**WHAT THIS TASK INVOLVES**
What you give back must match the data character for character.

**WORKING DATA**
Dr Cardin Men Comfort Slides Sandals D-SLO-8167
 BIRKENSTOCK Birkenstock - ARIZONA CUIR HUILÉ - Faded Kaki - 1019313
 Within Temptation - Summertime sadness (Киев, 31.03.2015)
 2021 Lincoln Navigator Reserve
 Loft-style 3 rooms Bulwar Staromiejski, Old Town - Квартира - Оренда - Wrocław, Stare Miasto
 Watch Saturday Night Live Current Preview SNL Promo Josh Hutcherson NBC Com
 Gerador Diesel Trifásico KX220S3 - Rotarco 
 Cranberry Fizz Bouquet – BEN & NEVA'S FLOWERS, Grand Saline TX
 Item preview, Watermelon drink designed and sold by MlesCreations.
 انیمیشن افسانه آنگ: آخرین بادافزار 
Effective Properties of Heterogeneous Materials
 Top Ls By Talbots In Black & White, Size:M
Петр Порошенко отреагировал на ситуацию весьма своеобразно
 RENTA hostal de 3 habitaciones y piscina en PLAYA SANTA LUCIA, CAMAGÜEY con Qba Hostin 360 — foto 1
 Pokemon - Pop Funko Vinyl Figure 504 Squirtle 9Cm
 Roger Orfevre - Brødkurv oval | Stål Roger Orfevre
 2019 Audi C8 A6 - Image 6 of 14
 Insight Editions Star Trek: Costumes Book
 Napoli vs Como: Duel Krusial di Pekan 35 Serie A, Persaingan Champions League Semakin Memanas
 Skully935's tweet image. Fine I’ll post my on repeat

**RESULT OF THIS EXERCISE**
Dr Cardin Men Comfort Slides Sandals D-SLO-8167
 BIRKENSTOCK Birkenstock - ARIZONA CUIR HUILÉ - Faded Kaki - 1019313
 Within Temptation - Summertime sadness (Киев, 31.03.2015)
 2021 Lincoln Navigator Reserve
 Loft-style 3 rooms Bulwar Staromiejski, Old Town - Квартира - Оренда - Wrocław, Stare Miasto
 Watch Saturday Night Live Current Preview SNL Promo Josh Hutcherson NBC Com
 Gerador Diesel Trifásico KX220S3 - Rotarco 
 Cranberry Fizz Bouquet – BEN & NEVA'S FLOWERS, Grand Saline TX
 Item preview, Watermelon drink designed and sold by MlesCreations.
 انیمیشن افسانه آنگ: آخرین بادافزار 
Effective Properties of Heterogeneous Materials
 Top Ls By Talbots In Black & White, Size:M
Петр Порошенко отреагировал на ситуацию весьма своеобразно
 RENTA hostal de 3 habitaciones y piscina en PLAYA SANTA LUCIA, CAMAGÜEY con Qba Hostin 360 — foto 1
 Pokemon - Pop Funko Vinyl Figure 504 Squirtle 9Cm
 Roger Orfevre - Brødkurv oval | Stål Roger Orfevre
 2019 Audi C8 A6 - Image 6 of 14
 Insight Editions Star Trek: Costumes Book
 Napoli vs Como: Duel Krusial di Pekan 35 Serie A, Persaingan Champions League Semakin Memanas
 Skully935's tweet image. Fine I’ll post my on repeat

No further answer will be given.